Question: What if you have a pen name as a brand so the personal facebook page has a different name

Answer: If you use a different name as an author than you do in your non-writing life, you have a few options that I can think of: 

  • Keep them separate and don’t use your personal page for your author persona
  • Identify Pen Name and Real World Name as the same person. Here’s a suggestion: Do a search on Facebook for a David Hamilton in Utah; you’ll notice that under “David Hamilton” he has “David Michael” (his pen name and the name on his author page) in parentheses. I’m not sure how he did that, but a look through Facebook’s help pages (or reaching out directly to David) might get you an answer.

Question: I was surprised to hear reach is stronger on a proflie rather than a page; how can you track traffic?

Answer: There is no way to track anything on a personal page, which is one of the several reasons that I keep a business page going. All I can tell you, anecdotally, is that personal posts are more likely to show up in news feeds than fan-page posts and that, in my experience, personal posts get more shares, likes an comments.

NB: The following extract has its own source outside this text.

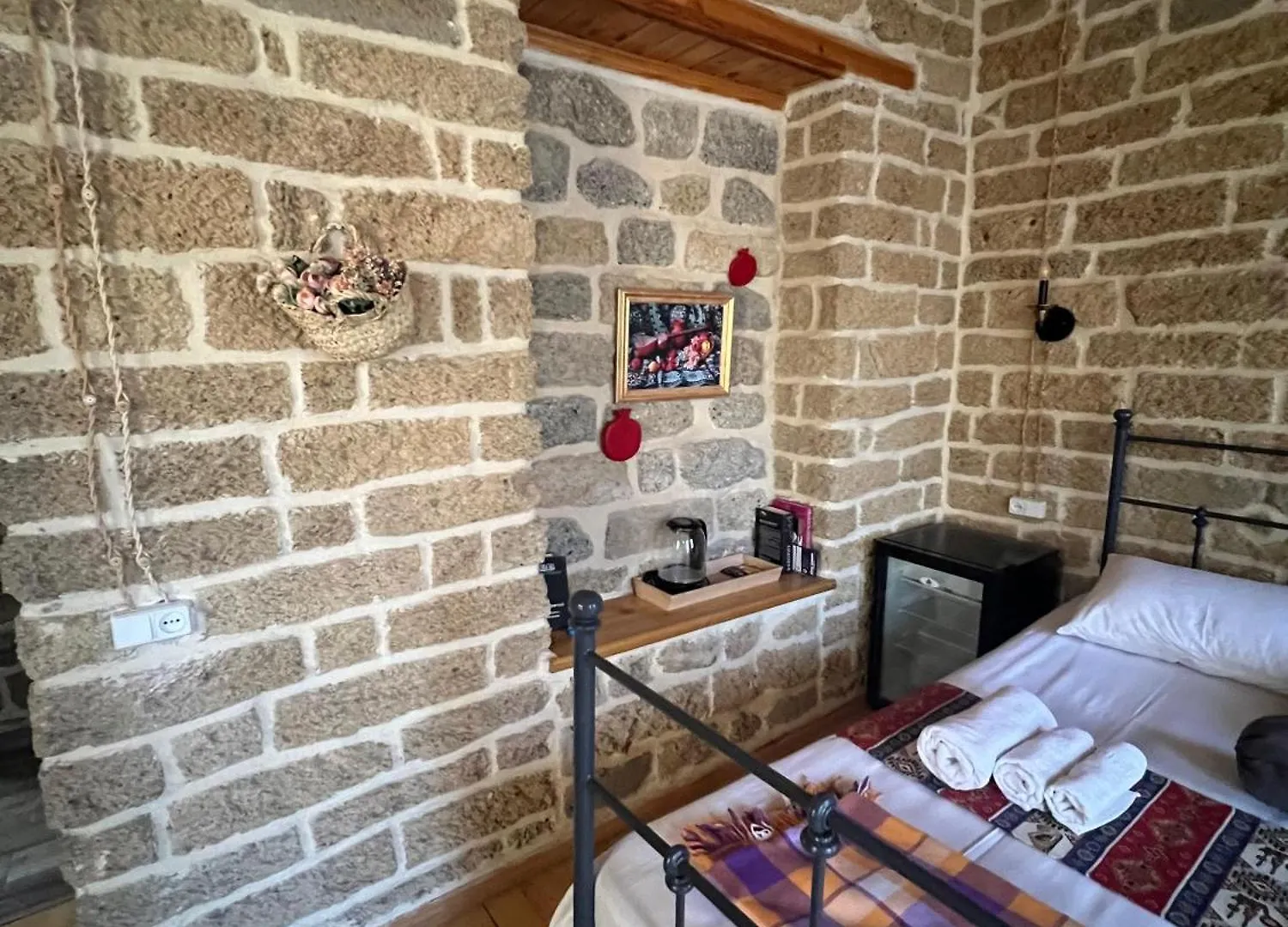 Old Rooms Hotel Nz Baku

Question: Isn’t just using a FB personal account for your author presence against FB’s TOS?

Answer: That’s a good question and one for which I have no answer. I suspect that if I were to use my personal page in an aggressively forward “selling” sort of way, I might get into trouble. But I’m not a “business” in the sense that a corner garage is a business. And my posts contain a mix of content, little of which is a direct sell. 

Question: Should you ever block people who follow you? Do you automate any of your social posts, and if so, when/why?

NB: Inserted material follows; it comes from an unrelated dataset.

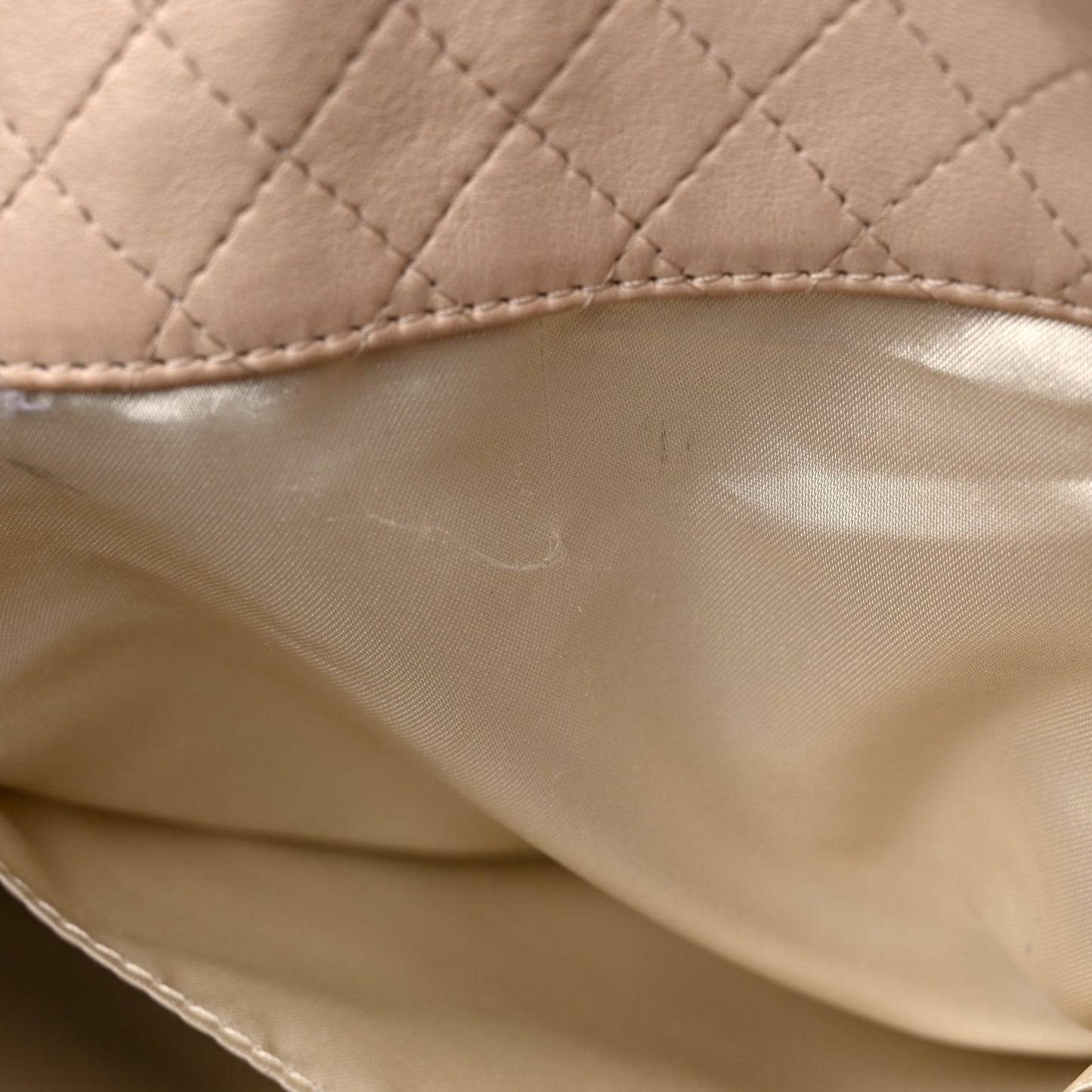 Lambskin Soft and Chain Large Hobo Beige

Answer: Blocking is a personal call. I will tell you, though, that I have blocked people on both Facebook (personal and fan pages) and on Twitter for various reasons: they’ve been obnoxious, they’ve left bullying comments, they’ve attacked other people who have left comments, they are selling followers or sex services, they are otherwise harassing. Blocking is never permanent; if you change your mind, you are free to unblock anyone you have previously blocked.

Question: Mark David, what is the best way, in your opinion, to increase followers organically?

Answer: I use services like to SocialOomph (http://bit.ly/YourSocialOomph) and SocialJukebox (www.socialjukebox.com) to schedule content that I have created for posting on Facebook, Twitter, Pinterest and LinkedIn. SocialJukebox also has free libraries you can access for additional content. By using services such as these to schedule my content, I have more time to engage with others and get my writing done! What I hardly ever do, as I mentioned in the webinar, is use automation to cross-post identical content between social networks, as those posts are nearly always identifiable as automated and are, thus (to me, at any rate), less engaging.